Man kann wohl davon ausgehen, dass es der Künstler ist (das lyrische Ich), der die Synthese schafft und dadurch die Spannung zwischen beiden als Ausdruck des künstlerischen Grundkonflikts löst - in diesem Fall haben wir es mit einer Darstellung des künstlerischen Prozesses als Gestaltungskonflikt zwischen als immanent aufgefassten ästhetischen Prinzipien, Materialanforderungen und dem Höhenflug des schöpferischen Geistes zu tun.

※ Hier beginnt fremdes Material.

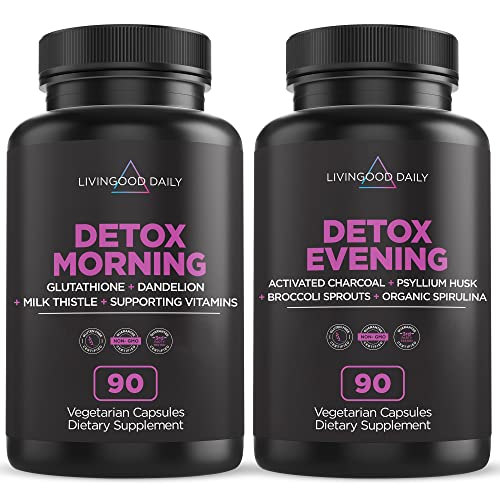 Livingood Daily Detox Pills - Full Body Detox Cleanse for Women & Men with Milk Thistle, Glutathione, Psyllium Husk - Kidney, Skin, Gut, Lung, Liver and Colon Cleanse & Repair, 90 Capsules per Bottle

Die zweite Strophe führt das aus im Ringen um die Schaffung von Kunst, in dem am Ende, wenn es gelungen ist, die Natur wieder in uns zu ihrem Recht kommt ("mag frei Natur im Herzen wieder glühen"). (Hier ließe sich vielleicht Schiller: Kallias oder Über die Schönheit, anführen: Das Handeln eines Menschen erscheint schön, wenn das, was er tun muss, mit dem, was er tun will, zusammenfällt - wenn es als seine zweite Natur erscheint.)

Die dritte wendet das Gesagte auf "Bildung" (Philosophie, Wissenschaft) an und den Widerspruch von Freiheit und Gebundenheit: Erst in der Gebundenheit erreicht der Geist höchste Ziele. Wenn auch nicht explizit, so schimmert hier die Dualität der Freiheit als einer Freiheit von etwas und einer Freiheit zu etwas auf. Für Goethe als schöpferischem Menschen und im Rahmen dieses Textes um das "Bemühen" um Kunst ist der Aspekt der Freiheit zu etwas, der Möglichkeiten, die Freiheit uns gibt, natürlich vorrangig.

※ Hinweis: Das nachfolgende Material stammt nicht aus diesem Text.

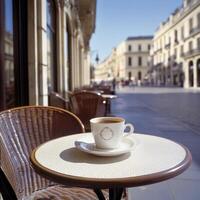 Porcelain coffee cup sits on a table in a bustling outdoor cafe setting on a sunny day photo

Die vierte Strophe schließlich fasst das Ganze in allgemeinen Sätzen, quasi Gesetzen, zusammen und führt uns wieder zum Anfang: Gesetz und Freiheit (synonym zu dem Gegebenen durch die Natur/Welt und dem gestalterischen Wollen des Menschen) sind keine Widersprüche an sich, sondern Bestandteile einer höheren Synthese; erst in dieser Synthese, wenn beide erfüllt sind, ist Vollendung erreichbar. "Wer Großes will", muss die Freiheit mit dem Gesetz (Natur, Pflicht, materiellem Rahmen ...) zusammenführen. Nur so ist die maximale Freiheit zu etwas erreichbar. (Für die Freiheit von etwas gilt das nicht, sie wird hier aber auch nicht thematisiert.)

Ganz praktisch gesehen und sehr prosaisch: Erst in der Beherrschung der Form kann der schöpferische Geist zu voller Größe finden. Das Ganze formvollendet in der Gestalt des aufgrund seiner Form als antithetisch sich anbietenden (und auch so aufgefassten) Sonetts, der klassischen Gedichtform der Gedankenlyrik. ;-)



Dieser Satz ist übrigens auch das Credo der Benedictiner Mönche. Es soll bedeuten, dass wir das Gefühl der Freiheit innerhalb eines geregelten existenziellen Bereiches ungestörter und besser entwickeln können.

Heute betrachten wir Freiheit ja immer so, dass wir praktisch alles machen dürfen, was wir wollen. Zu Goethes Zeiten konnte man sich wirkliche Freiheit nur innerhalb klar definierter Grenzen vorstellen.

Deshalb konnte Goethe auch mit Zeitgenossen, die "über die Stränge" schlugen (z.B. Heinrich von Kleist) nichts anfangen, betrachteten sie sogar als destruktive Elemente. Deshalb hat er (bewusst oder unbewusst) Kleists vorwärtsdrängenden Einakter "Der zerbrochene Krug" als klassischen Mehrakter inszeniert und in dadurch in seiner Substanz nicht nur verfälscht sondern praktisch "vernichtet".

Überhaupt konnte Goethe den in seinen Augen ausufernden Gefühlsausbrüchen der Romantiker generell nichts abgewinnen. Deren Höhepunkt war ja der "Göttinger Hain" um 1812, also als Goethe erst 63 Jahre alt war.